We don't turn up with the rest of the family because we want to, we only do it when we've run out of alternatives surely? And in that case, wouldn't the host rather the invitee turned up with a gift than didn't come at all???

nailpolish · 29/11/2006 12:44

has olive said she has no alternatives though?

vipersister2 · 29/11/2006 13:10

ooh, you're right, I'm just assuming. I kind of thought that was why she'd asked the question. Maybe not. In which case, no, don't ask for invites for the rest of your children. Especially if the woman knows you have others and hasn't mentioned them herself.

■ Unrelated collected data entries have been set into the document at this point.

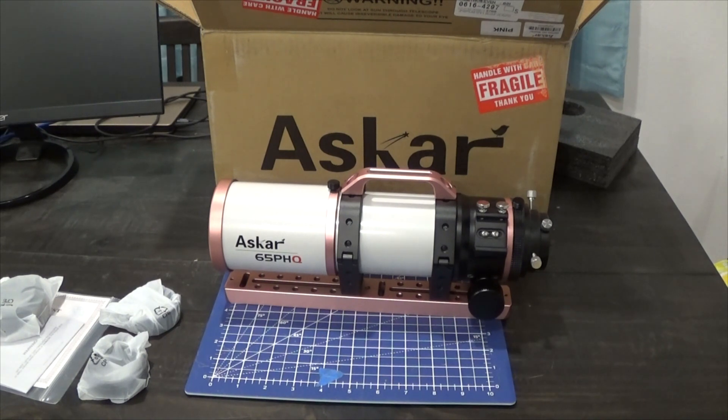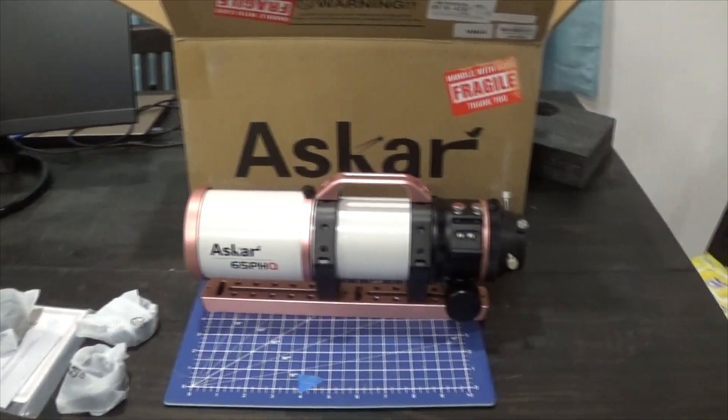This scope is supposed to be able to handle a full frame. How well will it do that? What will the stars look like in the corners? I don't know, but I'm hoping it'll be good. I've seen reviews of other scopes in this PHQ line and they've all been pretty good with full-frame sensors. A reducer is available, but I'm going to keep it native for now. Initially I'm going to use my ASI 533 MC, since it's the only camera I have available — I am standing up a third rig for this. Eventually I'd like to get a full-frame sensor, though I might have to go with a crop size.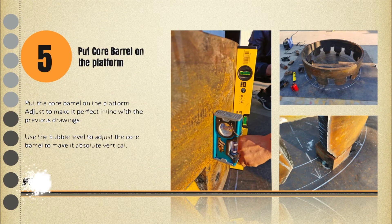Step 5: Put the core barrel on the marked position. Place the core barrel in the right position and use a bubble level to adjust its surface to be absolutely vertical.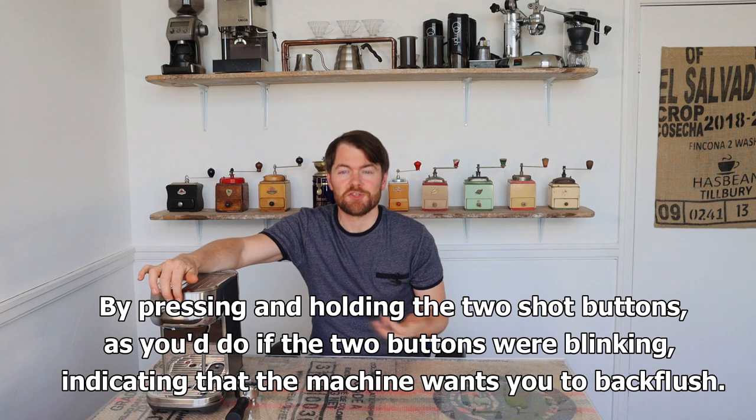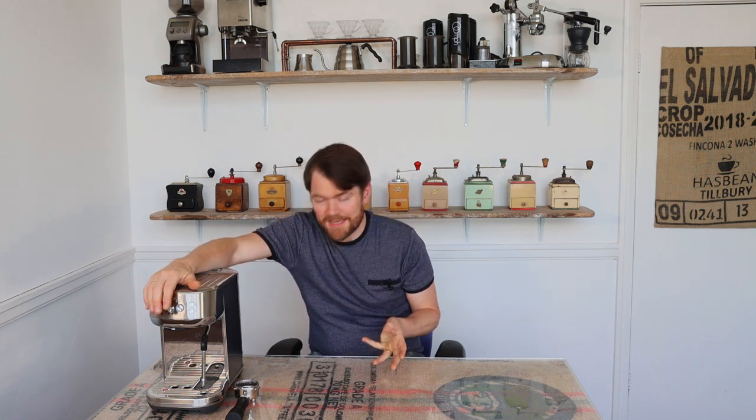In the last video, I messed up the back flushing part — I couldn't see the front of the machine or the lights around the shot buttons. Because of the studio lighting reflecting off the front, I assumed the lights were flashing and that I'd taken it into the cleaning cycle. But when I watched it back — unfortunately after I'd edited and uploaded it — I realised I was actually just reprogramming the single shot button to the maximum, which I think is about a minute.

oliveoil · 29/11/2006 13:31

thanks for all the responses

I will try and fob dd2 off onto dh for the morning and just take dd1 then, glad I now know how strongly this is thought of!!!

I wouldn't be bothered if I had a party and a sibling came if I knew they were coming though...

I have paid for dd2 to tag along to a play area when I was stuck and the mum wasn't bothered as it didn't end up costing her any more (and I checked beforehand)

god it's a bloody mindfield this lark isn't it, in my day it was everybody in, jelly and ice cream and statues

tut

x

OP posts:
nailpolish · 29/11/2006 13:37

dd2 will enjoy having her daddy to herself for a while

oliveoil · 29/11/2006 13:40

ha, she will not, she will screech until I return

also, as I can't drive (yet, am learning) he will have to drive me there and come back for me so I envisage his bottom lip poking out already

x

OP posts:
nailpolish · 29/11/2006 13:41

TOUGH

or dh could stay there with dd2 in a different bit? is the party hiring the whole place?